Поль Маз, в тот же день приехавший в штаб американского батальона с целью рекогносцировки, увидел группу солдат, которые как будто отступали. Он поехал вперед на мотоцикле, чтобы выяснить, в чем дело. «Они действительно отходили назад, – впоследствии писал он, – но просто потому, что потеряли связь со всеми; они не имели сведений об обстановке, а большинство офицеров были убиты при наступлении. Я приказал нескольким солдатам остаться на месте и развернуть пулеметы в сторону противника, а остальным – идти впереди и присоединиться к товарищам, что они и сделали. Их действия нельзя было назвать паникой – они просто шли назад, чтобы получить приказ».
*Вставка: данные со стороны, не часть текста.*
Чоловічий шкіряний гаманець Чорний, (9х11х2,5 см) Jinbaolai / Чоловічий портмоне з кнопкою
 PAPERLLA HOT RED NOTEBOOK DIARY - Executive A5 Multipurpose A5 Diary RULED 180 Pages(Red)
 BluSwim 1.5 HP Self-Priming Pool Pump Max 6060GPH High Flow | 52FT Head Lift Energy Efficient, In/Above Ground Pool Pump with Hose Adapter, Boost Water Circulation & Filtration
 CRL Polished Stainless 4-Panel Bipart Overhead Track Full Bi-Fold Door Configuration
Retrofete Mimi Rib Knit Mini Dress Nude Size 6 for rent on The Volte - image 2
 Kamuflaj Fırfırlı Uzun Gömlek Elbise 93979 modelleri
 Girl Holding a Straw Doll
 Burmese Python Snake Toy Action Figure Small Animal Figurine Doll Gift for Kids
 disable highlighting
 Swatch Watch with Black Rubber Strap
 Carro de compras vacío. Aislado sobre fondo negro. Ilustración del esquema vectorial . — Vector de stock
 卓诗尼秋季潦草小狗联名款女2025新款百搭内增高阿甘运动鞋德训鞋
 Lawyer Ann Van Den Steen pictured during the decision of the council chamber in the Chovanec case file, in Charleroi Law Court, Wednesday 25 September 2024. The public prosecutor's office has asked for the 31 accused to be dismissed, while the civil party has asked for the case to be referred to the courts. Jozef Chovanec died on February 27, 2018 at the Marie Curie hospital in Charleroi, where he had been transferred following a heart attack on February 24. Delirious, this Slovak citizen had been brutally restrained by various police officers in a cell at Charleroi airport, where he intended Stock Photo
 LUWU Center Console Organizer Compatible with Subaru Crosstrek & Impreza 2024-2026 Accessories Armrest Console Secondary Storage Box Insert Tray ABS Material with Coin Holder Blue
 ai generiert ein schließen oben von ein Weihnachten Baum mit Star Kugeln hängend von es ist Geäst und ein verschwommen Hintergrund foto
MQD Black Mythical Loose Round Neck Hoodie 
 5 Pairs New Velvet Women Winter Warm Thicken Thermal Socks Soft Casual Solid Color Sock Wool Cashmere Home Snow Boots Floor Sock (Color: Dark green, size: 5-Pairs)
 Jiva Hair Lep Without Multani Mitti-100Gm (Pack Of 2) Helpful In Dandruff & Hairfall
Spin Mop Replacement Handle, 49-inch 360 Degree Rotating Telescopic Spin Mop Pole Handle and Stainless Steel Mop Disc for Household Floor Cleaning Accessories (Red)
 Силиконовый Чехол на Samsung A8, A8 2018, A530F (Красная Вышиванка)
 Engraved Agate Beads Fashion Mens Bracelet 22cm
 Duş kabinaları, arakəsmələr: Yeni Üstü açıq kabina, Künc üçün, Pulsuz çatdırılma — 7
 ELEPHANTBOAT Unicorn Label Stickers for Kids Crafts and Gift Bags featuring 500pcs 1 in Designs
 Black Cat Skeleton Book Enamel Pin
Поль Маз вернулся в штаб батальона, чтобы рассказать об этих солдатах. «К своему удивлению, я обнаружил там полный разгром, как после землетрясения. На земле лежали три трупа, наполовину прикрытые мешковиной. Это был часовой, стоявший у входа в блиндаж, и два офицера, с которыми я разговаривал до отъезда. Внизу сидел один полковник, вытиравший лоб. «Это война, капитан», – сказал он, увидев меня».
В числе артиллерийских подразделений, участвовавших в боях 29 сентября, была батарея Гарри Трумэна. «Мы стреляли по трем батареям, – писал он в своих воспоминаниях, – уничтожив одну и выведя из строя две остальные. Командир полка угрожал мне трибуналом за то, что я перенес огонь за пределы сектора 33-й дивизии! Но я сохранил жизни солдатам 28-й дивизии слева от нас, и они отблагодарили меня в 1948-м!»[260]
.Заторы на дорогах позади американских позиций были такими, что, когда Клемансо поехал в Монфокон в штаб французской 4-й армии, путь ему преградили американские грузовики, причем шоферы рассказали ему, что простояли в пробках две ночи. Несмотря на неудобства, доставленные Клемансо, вклад американцев произвел впечатление на высшее немецкое командование. 30 сентября Людендорф сказал генералу Герману фон Кулю: «Мы не можем сражаться со всем миром».
Бои на Болгарском фронте прекратились в полдень 30 сентября. Болгария была охвачена волнениями, Македония освобождена, надежды на германские подкрепления рухнули, и поэтому на переговорах в Салониках болгарские делегаты, в том числе генерал Луков, искавший мира еще две недели назад, были вынуждены согласиться на поставленные им условия: уход со всех греческих и сербских территорий, разоружение, вывод немецких и австрийских войск, оккупация союзниками всех стратегических пунктов в Болгарии, использование болгарских железных дорог для наступления на север и почти полная демобилизация болгарской армии.
Капитуляция Болгарии стала ударом для Германии и Австрии, которые внезапно оказались отрезанными от союзной Турции. Кроме того, противнику открывался путь к наступлению на Дунай. В Лондоне и Париже мысль о том, что поражение союзников Германии сделало ее уязвимой, вызывала воодушевление. «Первая опора рухнула», – заметил секретарь британского кабинета министров сэр Морис Хенки.
На Западном фронте бои не только продолжались, но становились все ожесточеннее. 29 сентября британские войска успешно форсировали канал Сен-Кантен, использовав лодки, трапы и 3000 спасательных поясов, которые сняли с паромов, курсировавших через Ла-Манш. Было захвачено 5000 пленных и сотня пушек. На следующий день у Ипра британцы были уже в трех километрах от Менена, взять который им не удавалось на протяжении четырех лет. На британском и французском участках фронта было захвачено еще 18 000 немецких солдат и 200 орудий. И только американцам в Аргонском лесу пришлось остановить наступление, хотя они и намеревались возобновить его через неделю.
Среди тех, кто получил ранение 30 сентября, был и Поль Маз. Он пешком отправился на разведку, чтобы определить положение линии фронта на участке, где сражались австралийцы. Из воронки от снаряда он увидел в двухстах метрах впереди себя острия немецких касок: это была первая линия траншей противника. Когда он поднял бинокль, чтобы рассмотреть все подробнее, пуля ударила его в кисть руки. По пути к побережью в медленно ползущем санитарном поезде Маз слышал вдалеке «гром орудийных выстрелов». Этот звук напомнил ему историю, рассказанную французским другом, к которому на передовую приехала мать. Она добралась до деревни прямо за линией фронта, послала весточку о себе и осталась ждать – высокая черная фигура посреди дороги; увидев сына, идущего к ней по разбитой улице, она крикнула: «Что это за шум, сынок? Что тут происходит?»